Voting by mail is a great solution so voters do not have to pick between their right to vote and their personal safety amid a pandemic. But it can’t be the only solution, as it doesn’t work the same for every voter or every community. Black Americans are more likely to have changed their addresses recently and are the racial group that has historically been the least likely to have voted by mail in the past. For the 1 in 6 people of voting age living with a disability, voting by mail may not be ideal or accessible. And, we have a growing number of limited English proficient citizens in Illinois who have the right to get written and oral assistance with voting. Ballot referendum questions and election jargon can be confusing for all of us voters, and the barriers for citizens who are still in the process of learning English can be even greater. Language access and racial equity more generally cannot be an afterthought for the changes that are being considered for the November election, or we risk reversing all the progress we have been making in Illinois over the last several years in making access to the polls more equitable.

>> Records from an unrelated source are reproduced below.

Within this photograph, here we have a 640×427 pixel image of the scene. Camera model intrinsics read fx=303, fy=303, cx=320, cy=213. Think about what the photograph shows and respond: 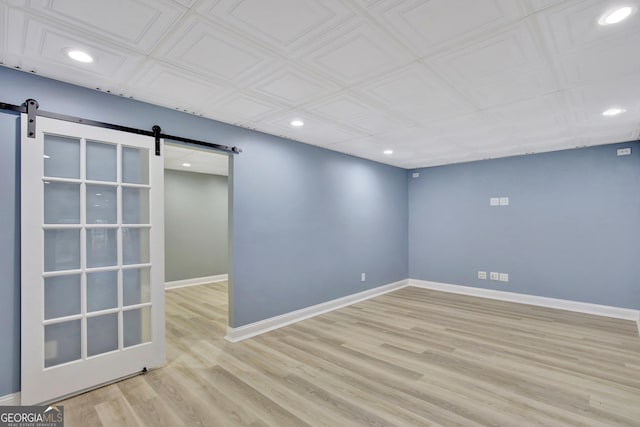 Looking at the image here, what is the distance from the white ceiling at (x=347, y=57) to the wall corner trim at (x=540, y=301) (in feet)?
8.92

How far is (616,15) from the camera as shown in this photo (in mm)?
1695

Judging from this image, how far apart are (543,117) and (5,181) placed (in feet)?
16.4

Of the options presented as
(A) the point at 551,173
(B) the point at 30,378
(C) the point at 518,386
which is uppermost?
(A) the point at 551,173

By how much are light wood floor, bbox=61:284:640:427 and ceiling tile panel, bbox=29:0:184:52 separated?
2593 millimetres

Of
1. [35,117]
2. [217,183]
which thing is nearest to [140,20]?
[35,117]

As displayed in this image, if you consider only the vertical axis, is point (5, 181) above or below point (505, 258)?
above

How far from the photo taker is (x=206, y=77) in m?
2.45

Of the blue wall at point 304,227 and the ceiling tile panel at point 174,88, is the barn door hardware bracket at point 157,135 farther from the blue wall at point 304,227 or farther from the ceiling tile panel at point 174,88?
Result: the blue wall at point 304,227

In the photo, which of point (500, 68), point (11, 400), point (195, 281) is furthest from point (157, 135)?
point (195, 281)

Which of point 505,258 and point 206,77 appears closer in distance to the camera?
point 206,77

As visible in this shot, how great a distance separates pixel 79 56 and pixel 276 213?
2.48 m

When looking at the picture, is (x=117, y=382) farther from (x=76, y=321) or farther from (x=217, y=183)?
(x=217, y=183)

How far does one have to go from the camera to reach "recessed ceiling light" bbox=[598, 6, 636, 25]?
165 cm

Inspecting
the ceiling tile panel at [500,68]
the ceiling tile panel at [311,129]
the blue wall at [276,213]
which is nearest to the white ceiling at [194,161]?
the blue wall at [276,213] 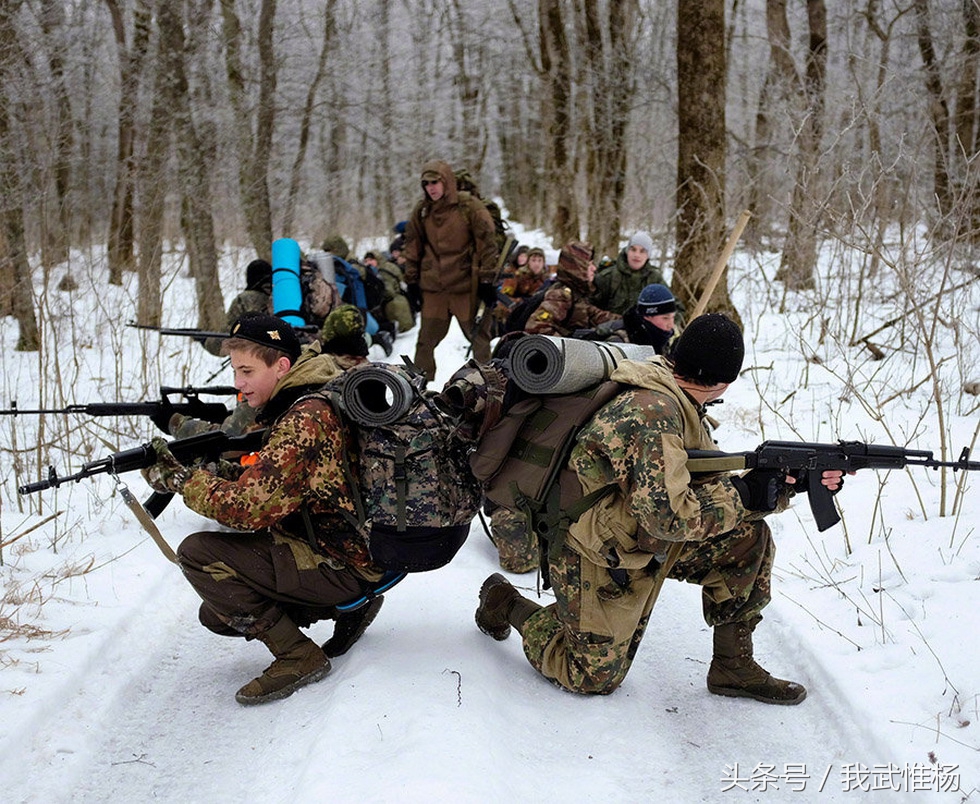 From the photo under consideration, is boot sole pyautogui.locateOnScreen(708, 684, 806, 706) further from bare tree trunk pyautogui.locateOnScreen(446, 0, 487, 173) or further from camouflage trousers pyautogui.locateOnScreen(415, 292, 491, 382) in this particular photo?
bare tree trunk pyautogui.locateOnScreen(446, 0, 487, 173)

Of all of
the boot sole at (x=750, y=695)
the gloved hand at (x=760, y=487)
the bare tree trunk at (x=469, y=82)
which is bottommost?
the boot sole at (x=750, y=695)

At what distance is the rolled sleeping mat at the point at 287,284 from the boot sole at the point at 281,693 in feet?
10.4

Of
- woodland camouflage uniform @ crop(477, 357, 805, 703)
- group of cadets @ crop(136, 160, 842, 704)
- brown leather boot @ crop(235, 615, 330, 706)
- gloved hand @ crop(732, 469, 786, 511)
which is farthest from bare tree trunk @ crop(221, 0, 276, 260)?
gloved hand @ crop(732, 469, 786, 511)

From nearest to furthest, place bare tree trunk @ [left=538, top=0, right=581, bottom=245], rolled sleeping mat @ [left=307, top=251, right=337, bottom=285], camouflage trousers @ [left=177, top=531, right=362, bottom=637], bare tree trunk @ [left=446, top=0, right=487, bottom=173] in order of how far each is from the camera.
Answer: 1. camouflage trousers @ [left=177, top=531, right=362, bottom=637]
2. rolled sleeping mat @ [left=307, top=251, right=337, bottom=285]
3. bare tree trunk @ [left=538, top=0, right=581, bottom=245]
4. bare tree trunk @ [left=446, top=0, right=487, bottom=173]

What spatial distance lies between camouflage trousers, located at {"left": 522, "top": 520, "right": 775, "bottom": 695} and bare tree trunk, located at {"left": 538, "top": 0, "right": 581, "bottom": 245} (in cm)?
1342

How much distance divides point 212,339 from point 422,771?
A: 4.83 m

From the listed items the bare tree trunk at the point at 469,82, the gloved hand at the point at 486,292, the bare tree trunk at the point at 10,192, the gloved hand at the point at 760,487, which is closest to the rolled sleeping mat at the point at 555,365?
the gloved hand at the point at 760,487

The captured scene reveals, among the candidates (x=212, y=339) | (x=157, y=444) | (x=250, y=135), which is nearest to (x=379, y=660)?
(x=157, y=444)

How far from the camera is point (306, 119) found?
17.7 metres

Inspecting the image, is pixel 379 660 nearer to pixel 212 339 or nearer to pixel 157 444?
pixel 157 444

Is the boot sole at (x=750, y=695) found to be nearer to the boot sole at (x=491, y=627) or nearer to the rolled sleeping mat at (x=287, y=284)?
the boot sole at (x=491, y=627)

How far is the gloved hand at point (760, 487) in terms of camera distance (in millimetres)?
3072

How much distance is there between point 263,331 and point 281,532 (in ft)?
2.59

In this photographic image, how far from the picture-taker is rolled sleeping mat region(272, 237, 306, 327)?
6.12 metres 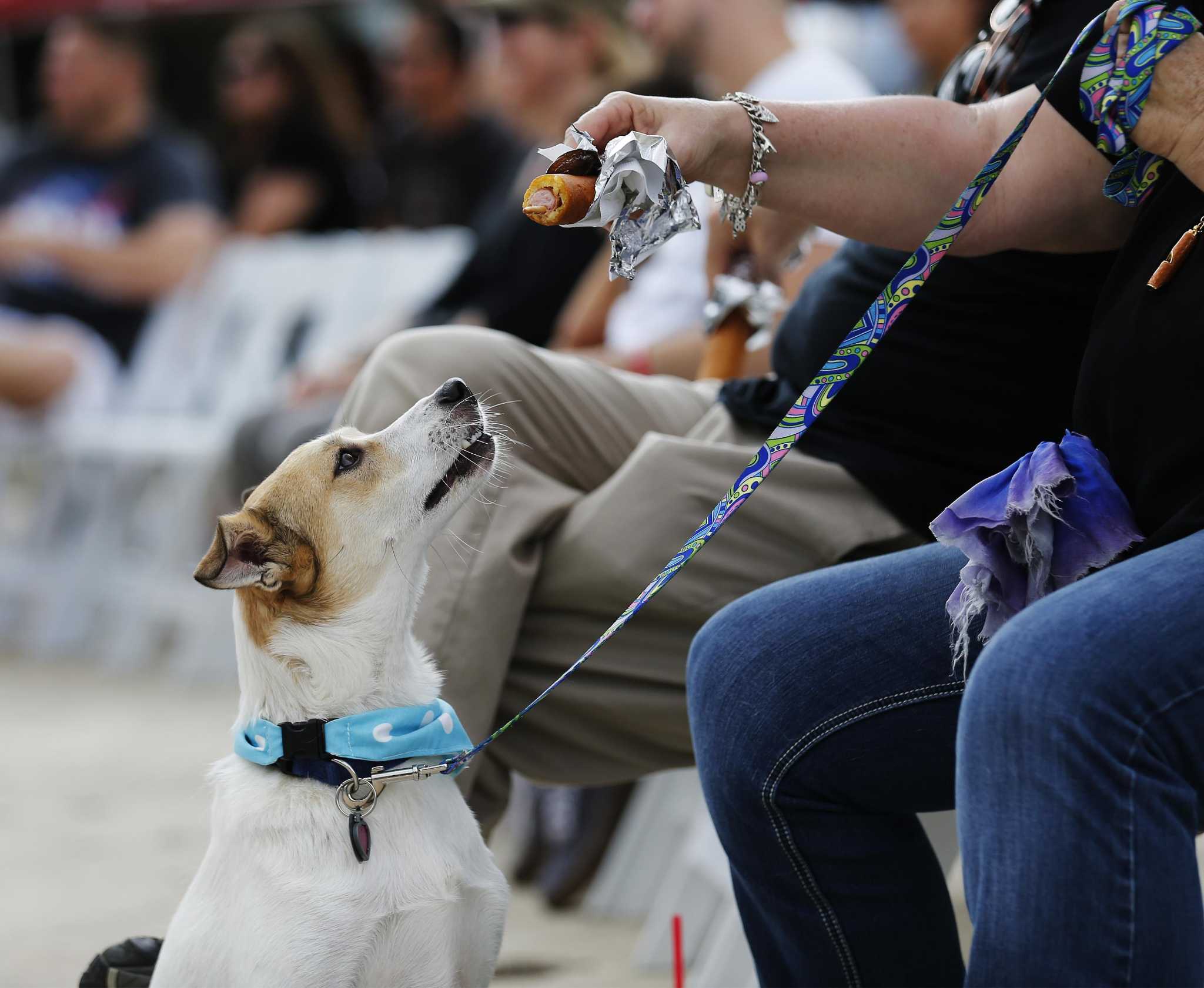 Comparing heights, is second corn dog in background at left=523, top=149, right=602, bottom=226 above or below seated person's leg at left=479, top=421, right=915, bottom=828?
above

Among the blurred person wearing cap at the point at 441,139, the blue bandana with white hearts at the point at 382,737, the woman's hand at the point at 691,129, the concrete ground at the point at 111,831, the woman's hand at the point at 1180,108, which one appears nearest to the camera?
the woman's hand at the point at 1180,108

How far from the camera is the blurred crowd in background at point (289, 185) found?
4.22 meters

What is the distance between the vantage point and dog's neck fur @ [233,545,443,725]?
1708 mm

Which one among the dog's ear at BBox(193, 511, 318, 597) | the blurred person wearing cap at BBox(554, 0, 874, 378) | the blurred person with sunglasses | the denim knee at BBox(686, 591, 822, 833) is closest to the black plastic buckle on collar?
the dog's ear at BBox(193, 511, 318, 597)

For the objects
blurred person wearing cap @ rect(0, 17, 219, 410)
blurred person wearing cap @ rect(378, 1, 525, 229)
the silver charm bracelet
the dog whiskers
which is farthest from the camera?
blurred person wearing cap @ rect(0, 17, 219, 410)

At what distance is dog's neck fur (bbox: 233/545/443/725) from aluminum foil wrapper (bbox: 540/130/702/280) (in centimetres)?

Turning now to matters concerning the Election Day footprint. While we understand and appreciate the needs of election authorities to realign their resources given the expected growth of voting by mail and early voting, we are alarmed that we have heard precious few discussions of the need to collect community input before closing, reducing, or consolidating any polling places, reducing availability of bilingual election judges, or reducing early voting time periods or locations. Moreover, we are hearing that local officials are considering reducing registration access or voter access in locations like nursing homes and jails. Reducing voter access for the communities who are facing the most dire public health risks will only make a bad situation worse. There must be a process for meaningful engagement with those community members to inform any new voting processes that they will have to follow for November.

Finally, we remain concerned our state’s homebound or hospitalized voters. Illinois must update processes for emergency applications for ballots so that people don’t have to choose between voting and complying with public health guidance on social distancing and stay-at-home orders. Otherwise, under the current emergency procedures, access to and submission of emergency applications for ballots becomes logistically impossible for voters who find themselves having to stay at home on Election Day due to health concerns. Our impression is that an exceedingly low number of community members were able to jump through all the hoops of the emergency ballot procedure in the March primary, even though they were legally entitled to do so. Indeed, our friends at the Chicago Lawyers Committee for Civil Rights report having received an unprecedented number of calls on March 17 from voters around the state who were trying to access an emergency application for a ballot because they had no other safe way to vote.

WBEZ and other outlets have reported that our communities of color are being disproportionately affected by COVID-19 due to pre-existing racial disparities in public health. Eliminating some of the unnecessary, cumbersome steps in the emergency ballot process will help prevent individuals from experiencing the additional harm of disenfranchisement just because they do not have immediate access to a doctor, a notary, and a family member who can safely hand-deliver materials.

The solutions to these and the other problems that were highlighted in the platform document that was provided to you are within our capacity to solve with good policy and even better education. We have coalition partners like Faith for the Common Good who are planning community summits in Central Illinois. But we are living in unprecedented times, and it will take all of us working together to find just and inclusive solutions. Our leaders in Springfield must listen to the communities that they represent. A community of advocates stands ready to help you in your appointed tasks. I thank you for your time.